Hours earlier, Arias was anything but smiles with Fresno’s mayor. He, along with three other council members, criticized Brand’s plan on how to spend $12 million in state funding for improving local roads.
“The frustration I’ve reached already in my third month has been tremendous. Because we’ve had this conversation with staff privately. We’ve had it with the mayor privately. And, we expected a better plan that was reflective of a whole city and of south Fresno being made whole.” — Councilman Miguel Arias
If the rift isn’t solved by the end of the month, the city risks forfeiting those millions to the state.
Arias, addressing the media at a news conference in southeast Fresno, said enough is enough.
“The frustration I’ve reached already in my third month has been tremendous. Because we’ve had this conversation with staff privately. We’ve had it with the mayor privately. And, we expected a better plan that was reflective of a whole city and of south Fresno being made whole. And, we didn’t see that. What we saw was business as usual. Divide all the dollars equally and somehow talk about publicly you’re ending the Tale of Two Cities. That is not the case,” Arias said.

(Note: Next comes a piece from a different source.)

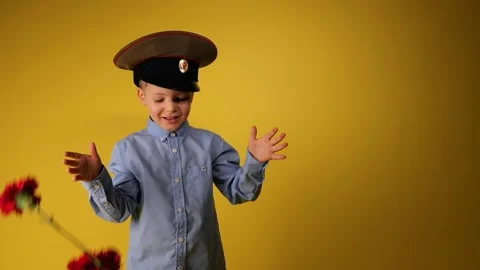 The boy in green military cap throws red flowers carnation in 9 may or 23 februa Stock Footage 147647998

The city must submit its list to the California Transportation Commission by May 1 to receive SB 1 funds. That bill, approved in 2017 by the state Legislature, raised gas taxes for road infrastructure projects. If the city fails to meet the deadline, the state could keep the money.
“If there are not four votes, it could be delayed a week. Ultimately, there is going to have to be an agreement with my administration and the council. But it has got to be a reasonable one. It can’t be a ‘twist your arm’ political blackmail.” — Mayor Lee Brand
Brand’s plan, released last Friday (March 29), doesn’t distribute the money equally across districts. But each district will receive at least $1.4 million.
The news conference notwithstanding, Brand said it’s not about politics.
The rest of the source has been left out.